Le flou persiste sur le nombre de bénéficiaires

Où en sont donc ces aides ? Combien de chauffeurs en ont bénéficié ? À combien s’élève le montant débloqué jusqu’à présent par le gouvernement, depuis le lancement de cette opération en mars 2022 ? Ces questions restent sans réponse. Nos sources disent ignorer ces détails, “malgré les multiples demandes adressées au gouvernement dans ce sens”.

Notre source à la CDT nous confie “qu’une lettre sera bientôt adressée au Conseil de la concurrence au sujet de l’octroi de cette subvention, qui a été fait de façon anarchique”.

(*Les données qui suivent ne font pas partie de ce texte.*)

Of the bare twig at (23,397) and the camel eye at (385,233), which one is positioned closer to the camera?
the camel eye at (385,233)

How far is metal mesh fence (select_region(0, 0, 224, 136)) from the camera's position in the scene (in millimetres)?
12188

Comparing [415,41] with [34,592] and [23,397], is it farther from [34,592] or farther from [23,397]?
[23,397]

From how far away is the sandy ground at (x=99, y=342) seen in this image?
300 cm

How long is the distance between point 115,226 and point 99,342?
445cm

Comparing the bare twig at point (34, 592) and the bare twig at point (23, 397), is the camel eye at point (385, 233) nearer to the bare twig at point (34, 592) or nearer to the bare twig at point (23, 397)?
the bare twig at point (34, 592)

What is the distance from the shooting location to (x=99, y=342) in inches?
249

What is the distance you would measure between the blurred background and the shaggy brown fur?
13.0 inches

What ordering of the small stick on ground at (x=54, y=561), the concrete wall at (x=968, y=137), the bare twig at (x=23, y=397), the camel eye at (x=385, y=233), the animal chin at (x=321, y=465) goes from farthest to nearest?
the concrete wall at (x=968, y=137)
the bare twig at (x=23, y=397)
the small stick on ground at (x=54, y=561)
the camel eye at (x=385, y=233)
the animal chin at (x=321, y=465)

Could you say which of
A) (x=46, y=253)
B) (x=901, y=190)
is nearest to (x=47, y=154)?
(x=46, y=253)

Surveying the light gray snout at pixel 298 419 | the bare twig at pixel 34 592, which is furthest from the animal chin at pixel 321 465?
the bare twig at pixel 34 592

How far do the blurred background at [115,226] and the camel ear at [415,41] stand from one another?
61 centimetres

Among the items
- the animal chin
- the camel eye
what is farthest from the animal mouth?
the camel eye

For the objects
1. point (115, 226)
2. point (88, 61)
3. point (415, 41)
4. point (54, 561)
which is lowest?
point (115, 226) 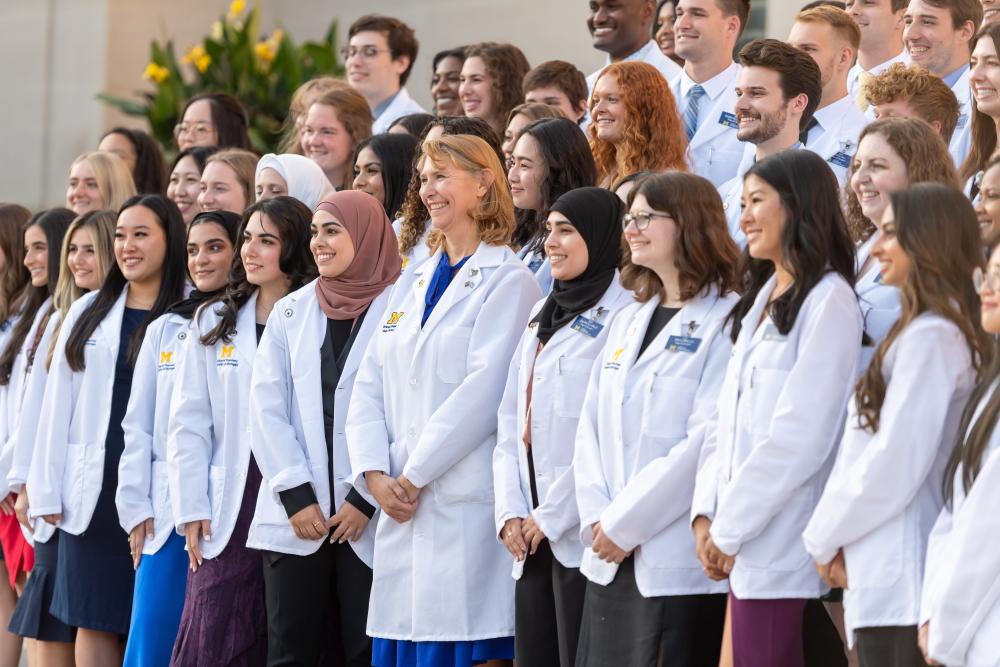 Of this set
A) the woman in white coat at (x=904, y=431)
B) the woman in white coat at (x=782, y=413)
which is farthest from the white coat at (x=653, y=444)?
the woman in white coat at (x=904, y=431)

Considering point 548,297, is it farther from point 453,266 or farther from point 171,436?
point 171,436

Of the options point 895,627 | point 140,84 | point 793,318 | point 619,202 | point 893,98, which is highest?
point 140,84

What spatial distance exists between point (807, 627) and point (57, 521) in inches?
125

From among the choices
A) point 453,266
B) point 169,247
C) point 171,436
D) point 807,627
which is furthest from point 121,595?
point 807,627

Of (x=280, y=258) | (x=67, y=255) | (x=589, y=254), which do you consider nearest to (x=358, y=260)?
(x=280, y=258)

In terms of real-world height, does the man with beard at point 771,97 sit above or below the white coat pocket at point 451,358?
above

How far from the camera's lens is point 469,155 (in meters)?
5.10

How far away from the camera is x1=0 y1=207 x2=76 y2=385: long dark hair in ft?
21.6

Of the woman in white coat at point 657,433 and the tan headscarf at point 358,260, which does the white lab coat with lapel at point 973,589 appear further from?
the tan headscarf at point 358,260

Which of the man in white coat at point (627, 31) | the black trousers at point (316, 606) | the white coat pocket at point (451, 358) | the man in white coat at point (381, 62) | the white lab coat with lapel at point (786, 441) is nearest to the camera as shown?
the white lab coat with lapel at point (786, 441)

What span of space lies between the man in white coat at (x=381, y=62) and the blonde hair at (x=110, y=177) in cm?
135

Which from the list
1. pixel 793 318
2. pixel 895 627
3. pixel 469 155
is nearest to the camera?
pixel 895 627

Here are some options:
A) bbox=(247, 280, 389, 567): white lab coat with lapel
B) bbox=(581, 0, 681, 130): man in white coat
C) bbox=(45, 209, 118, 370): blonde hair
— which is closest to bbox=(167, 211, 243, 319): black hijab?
bbox=(247, 280, 389, 567): white lab coat with lapel

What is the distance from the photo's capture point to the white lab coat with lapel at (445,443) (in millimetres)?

Par ailleurs, Fouzi Lekjaa, ministre chargé du Budget, alors qu’il répondait aux questions des journalistes sur le projet de loi de finances 2023 lors d’un point de presse le 25 octobre dernier, a annoncé que “le maintien des prix dans le secteur du transport [coûtait] à l’État environ 540 millions de DH par mois”, alors que l’indice des prix à la consommation du haut-commissariat au Plan du mois de septembre 2022 montre une hausse de 12,9% pour le transport.

“Nous en sommes actuellement à la sixième tranche”, reprend Mustapha Chaoune. En effet, la dernière opération d’inscription a été lancée le mercredi 28 septembre. Cette opération incluait les professionnels du transport scolaire pour le compte d’autrui, après la reprise de la scolarisation.

“Selon nous, 37% des chauffeurs n’ont pas bénéficié de cette aide, n’ont reçu que les deux premières tranches, ou à partir de la quatrième tranche... De plus, 70% des chauffeurs de transport mixte n’ont bénéficié d’aucune des tranches annoncées par le ministère, alors qu’il s’agit d’une catégorie très importante dans le monde rural.”

Autre problématique : “Cette subvention profite à des personnes qui n’en ont pas besoin”, regrette le secrétaire général national de l’ODTL. “Il y a par exemple des chauffeurs dont les camions sont à l’arrêt et qui continuent de toucher ces aides à chaque fois qu’elles sont annoncées. Pour les taxis par exemple, ce sont les propriétaires des véhicules ou les personnes disposant des agréments qui touchent ces aides, tandis que les chauffeurs continuent de payer le diesel de leur propre poche, ce qui est inéquitable.”

Une grève nationale n’est pas exclue

Notre interlocuteur à la CDT estime que la seule solution pour mettre fin à cette situation critique n’est autre que “le plafonnement des prix du carburant”.

“Nous demandons en outre une hausse de ces subventions, voire un doublement des montants, notamment pour les camions qui parcourent de longues distances.”

“Nous sommes les principaux clients des stations-service. Nous donnons ainsi un délai de dix jours au gouvernement. Si nous n’avons aucun retour, nous prévoyons une grève nationale dont la date sera fixée ultérieurement”, conclut-il.